┌─ INPUT DATA
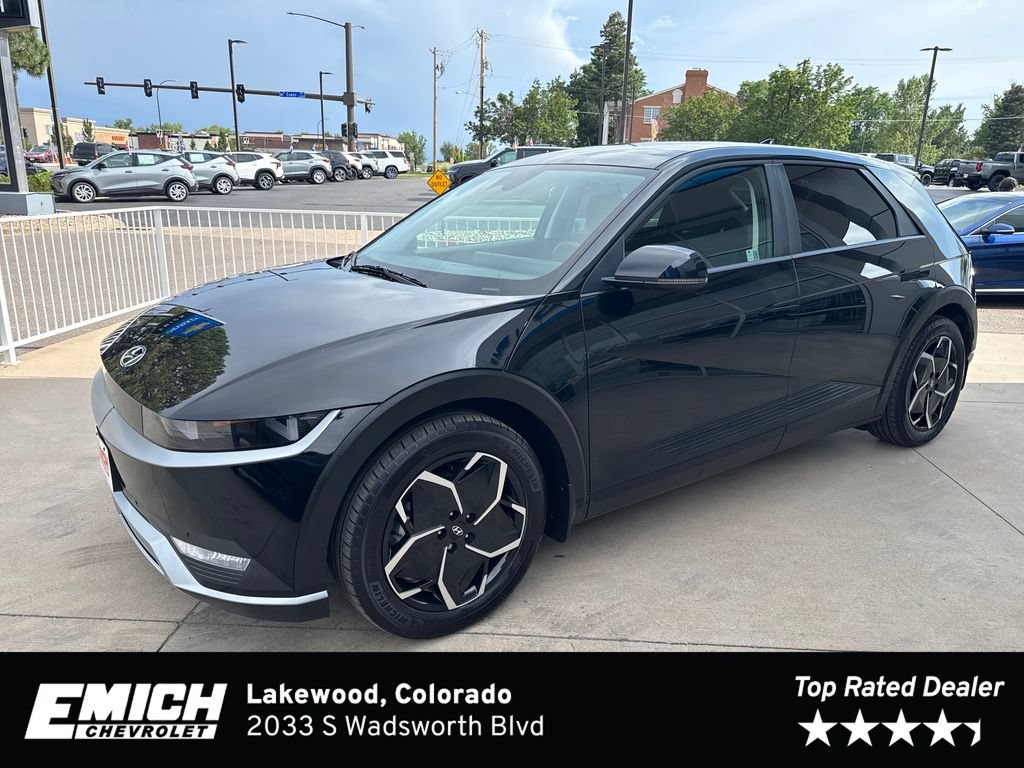 Used 2024 Abyss Black Hyundai SEL image 1
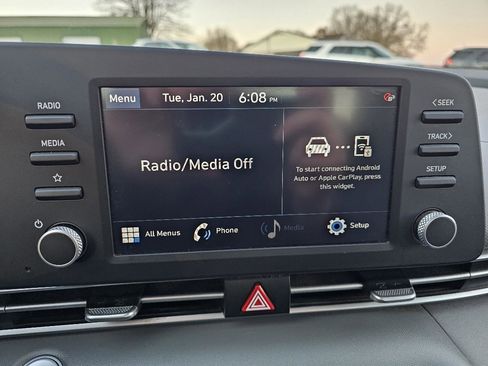 Used 2022 Hyundai Elantra SEL image 48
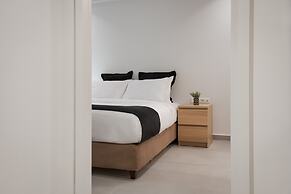 Athenian Riviera Secluded Apartment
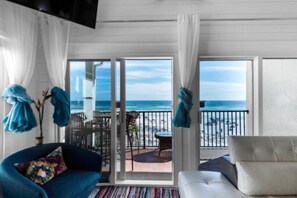 TV - SPECTACULAR, TOTALLY RENOVATED 3 BEDROOM + CONDO ON BEACH, GORGEOUS GULF VIEWS  (Miramar Beach)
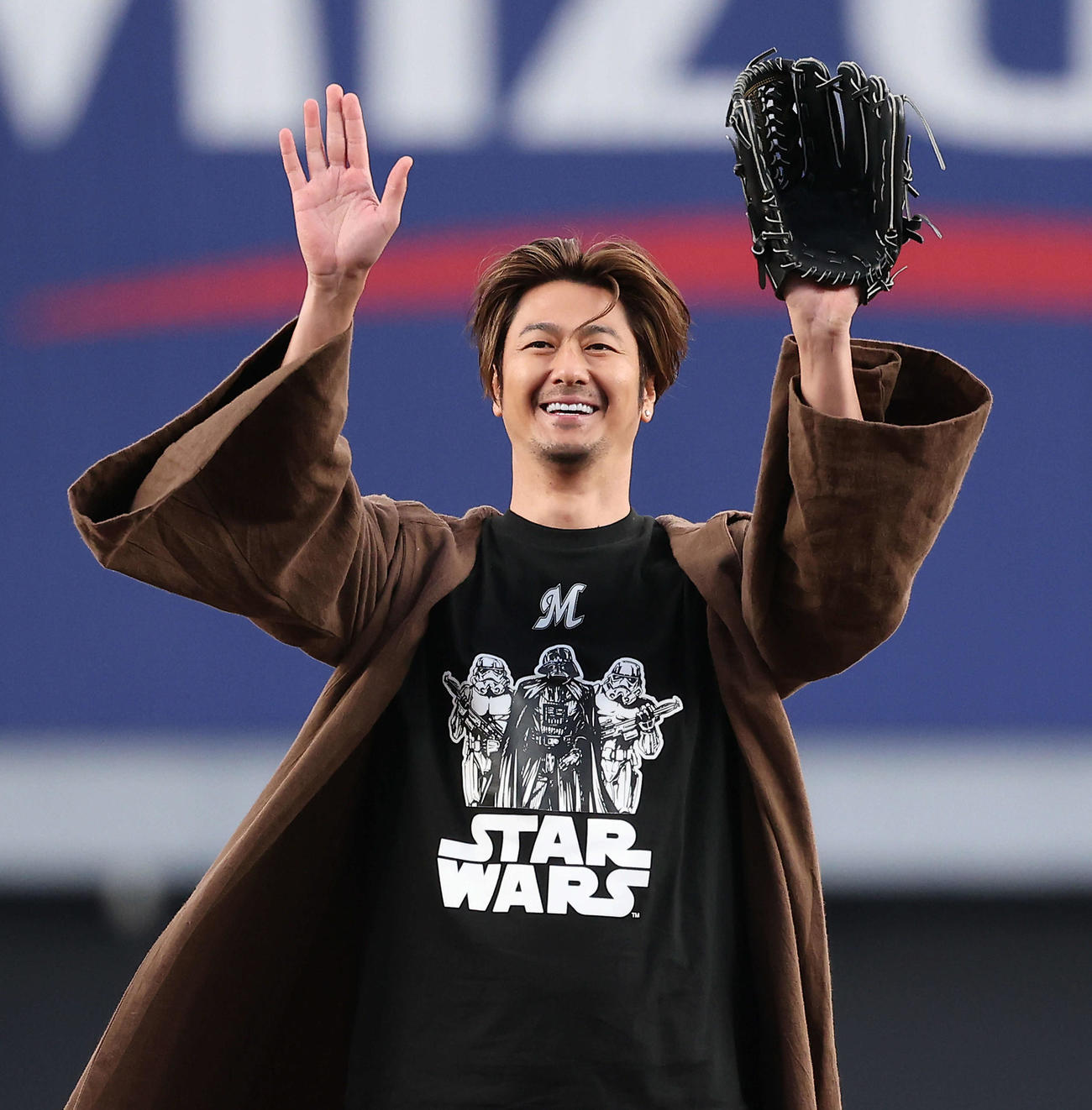 ロッテ対日本ハム　開始前、ファーストピッチセレモニーに登場した速水もこみち（撮影・河田真司）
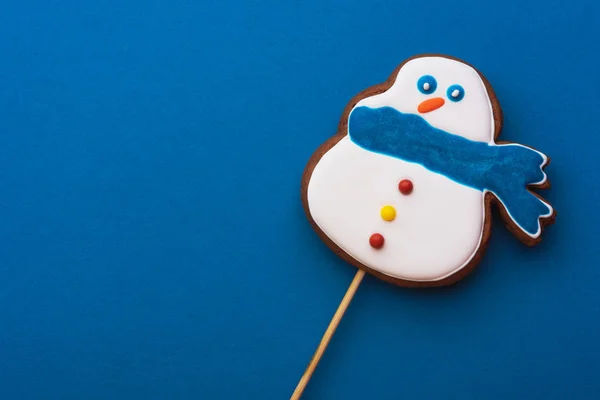 Regalos Navidad Pan Jengibre Hecho Mano Sobre Fondo Azul — Foto de Stock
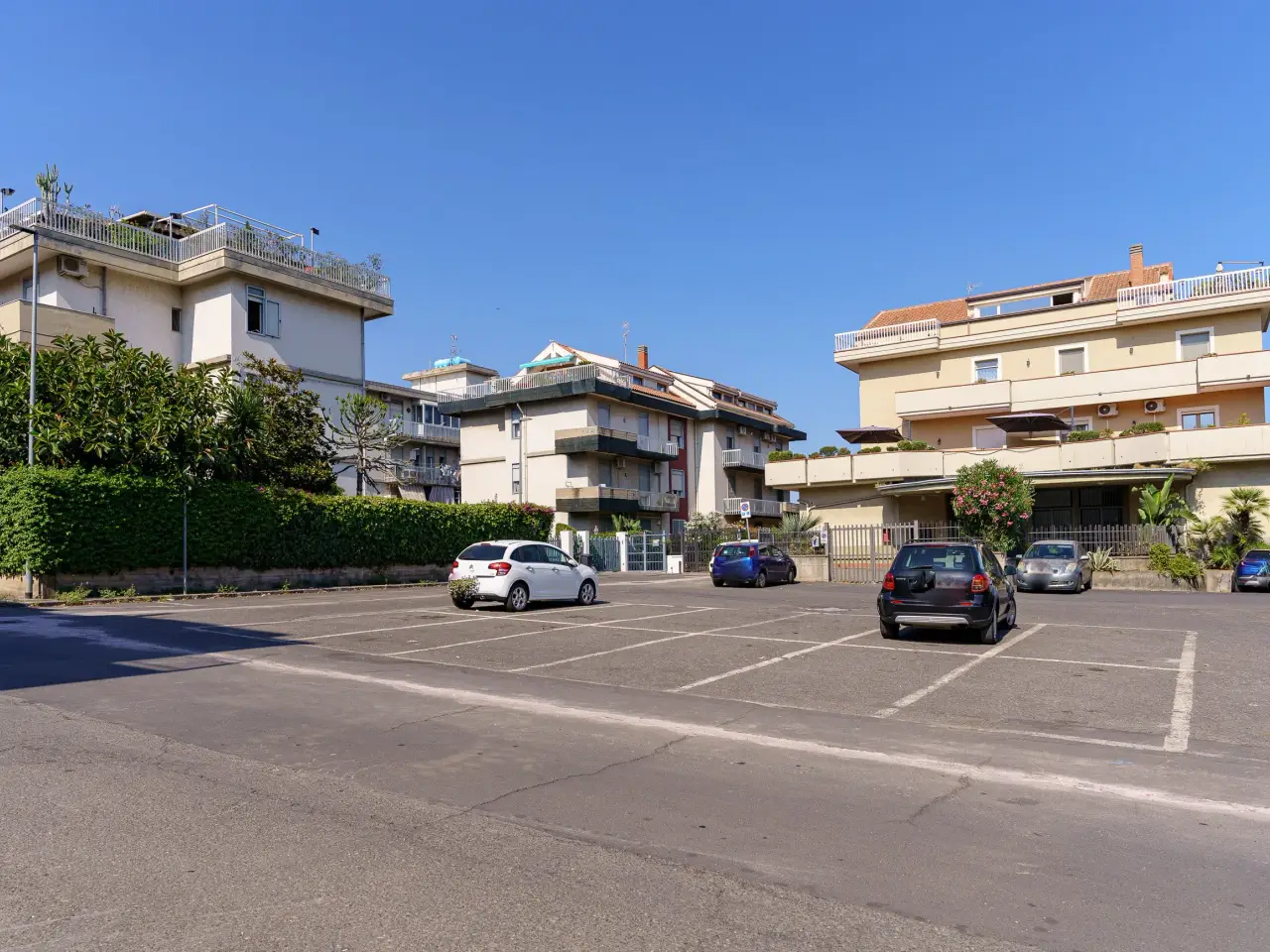 Ufficio in Via Vaccarini 11, Sant'Agata Li Battiati, {3} - Foto 1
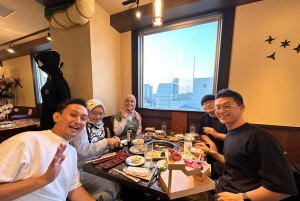 Tokyo Halal Muslim's Friendly Food Tour med guide og søde sager
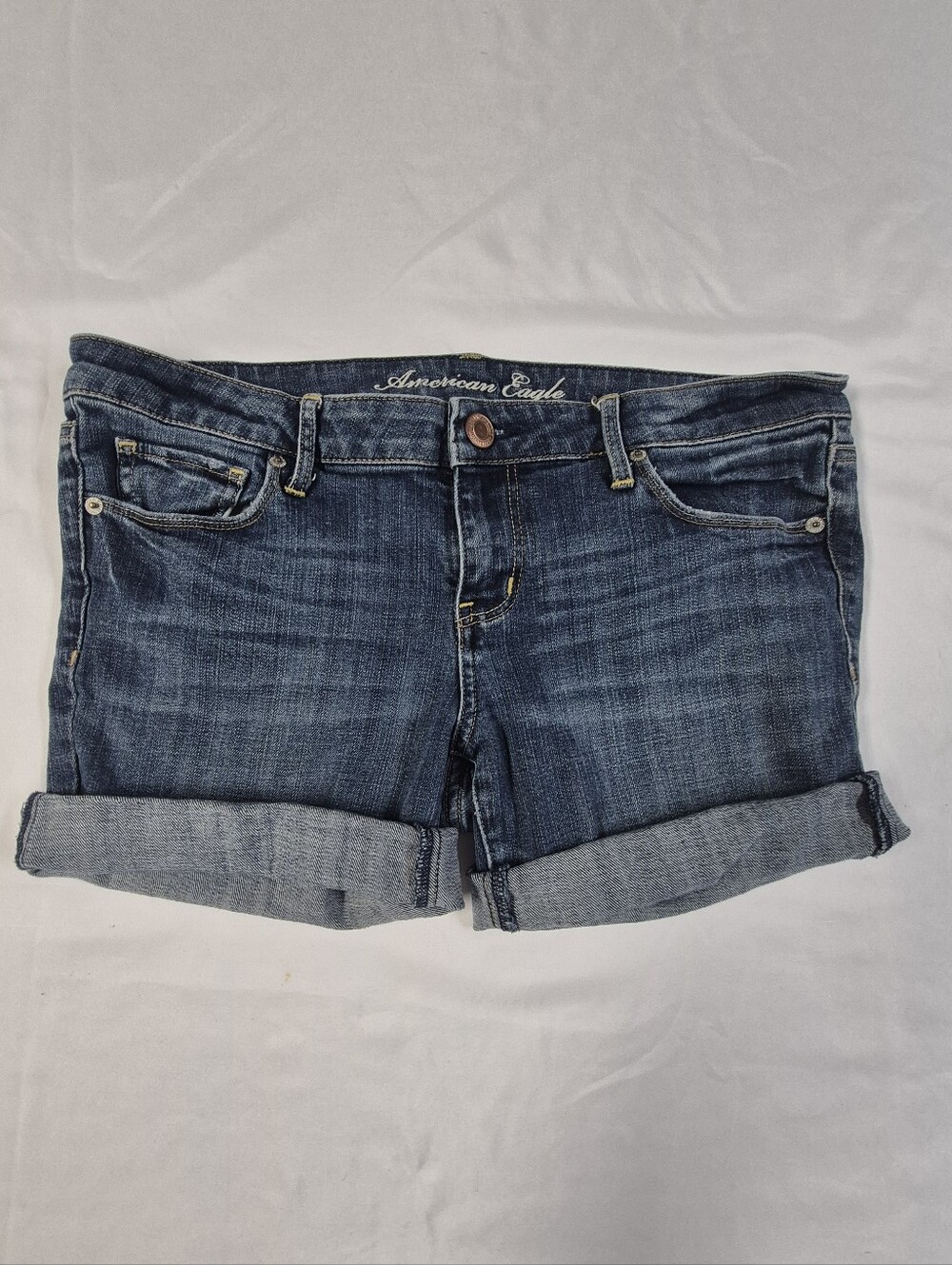 American Eagle Womens Mid Rise Dark Wash Cut Off Cuffed Denim Shorts Size 10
└─
▶ [PROMPT]:
Skip the pictures, then write out every entry exactly.

▶ [SOLUTION FOR THIS EXERCISE]:
 Used 2024 Abyss Black Hyundai SEL image 1
 Used 2022 Hyundai Elantra SEL image 48
 Athenian Riviera Secluded Apartment
 TV - SPECTACULAR, TOTALLY RENOVATED 3 BEDROOM + CONDO ON BEACH, GORGEOUS GULF VIEWS  (Miramar Beach)
 ロッテ対日本ハム　開始前、ファーストピッチセレモニーに登場した速水もこみち（撮影・河田真司）
 Regalos Navidad Pan Jengibre Hecho Mano Sobre Fondo Azul — Foto de Stock
 Ufficio in Via Vaccarini 11, Sant'Agata Li Battiati, {3} - Foto 1
 Tokyo Halal Muslim's Friendly Food Tour med guide og søde sager
 American Eagle Womens Mid Rise Dark Wash Cut Off Cuffed Denim Shorts Size 10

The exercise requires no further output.